In 2022, KOIN said the top five most popular Halloween costumes in the Portland metropolitan area were fairies, dinosaurs, characters from Stranger Things and Star Wars, and devils, based on Google search engine analysis. The most popular costumes in the metropolitan area in 2025 were the characters Rumi, Zoey, Mira, and Derpy from the animated film KPop Demon Hunters, as well as labubus.

Some participants of the "emergency" edition of the World Naked Bike Ride during the 2025–2026 protests in Portland wore Halloween costumes.

== Business ==
Spirit Halloween operated a location on 82nd Avenue in 2009. There were eleven temporary locations in the Portland metropolitan area in 2012. There were no Spirit Halloween stores in the city in 2024 or 2025.
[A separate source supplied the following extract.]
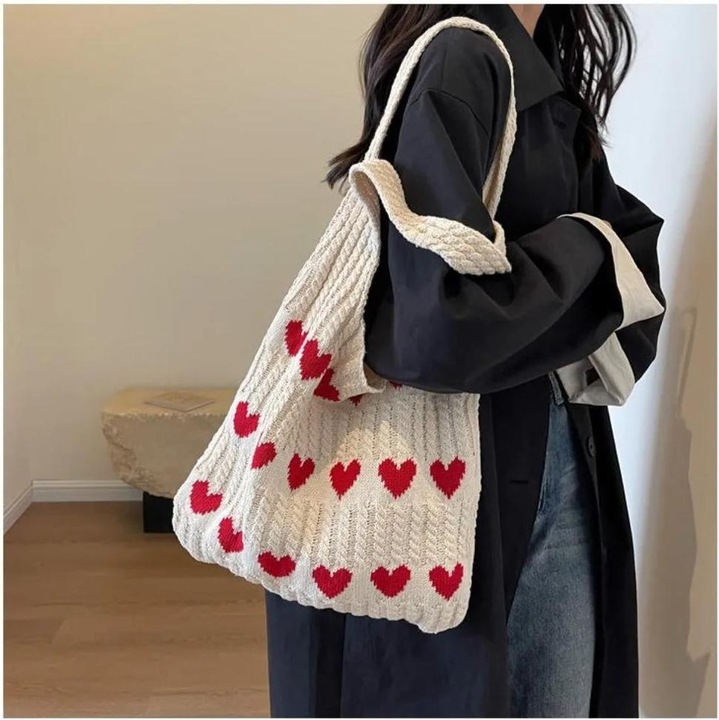 Only-Bags.Store Gestrickte Handtaschen Grosse Kapazität Taschen Umhängetasche Herbst Handtaschen Casual Woven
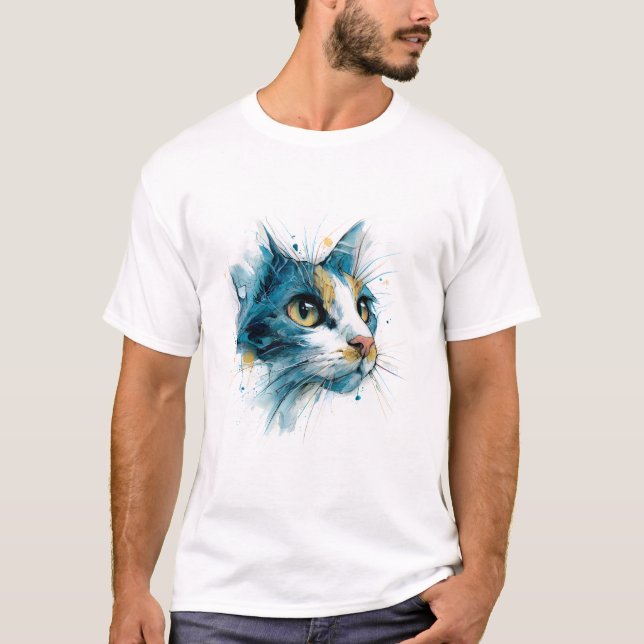 Luminös akvarell katt ansikte modern konst i azurb t shirt (Framsida)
In 2022, Hey Love hosted a Halloween pop-up Black Lagoon. The bar The Uncanny hosted a Halloween pop-up called House of Unholy in 2023 and 2024. Among notable bars that have served Halloween-themed cocktails are Creepy's, Raven's Manor, and The Uncanny. According to Axios Portland, "It's Halloween year-round at Raven's Manor, but October is an especially eerie time to head to the downtown bar." Coffee shops and restaurants like Cheese & Crack Snack Shop and Memento Mori Cafe, which displays Halloween decorations all year, have also offered Halloween-themed food and drink options. Portland-based ice cream company Salt & Straw has offered a Halloween series with seasonal flavors.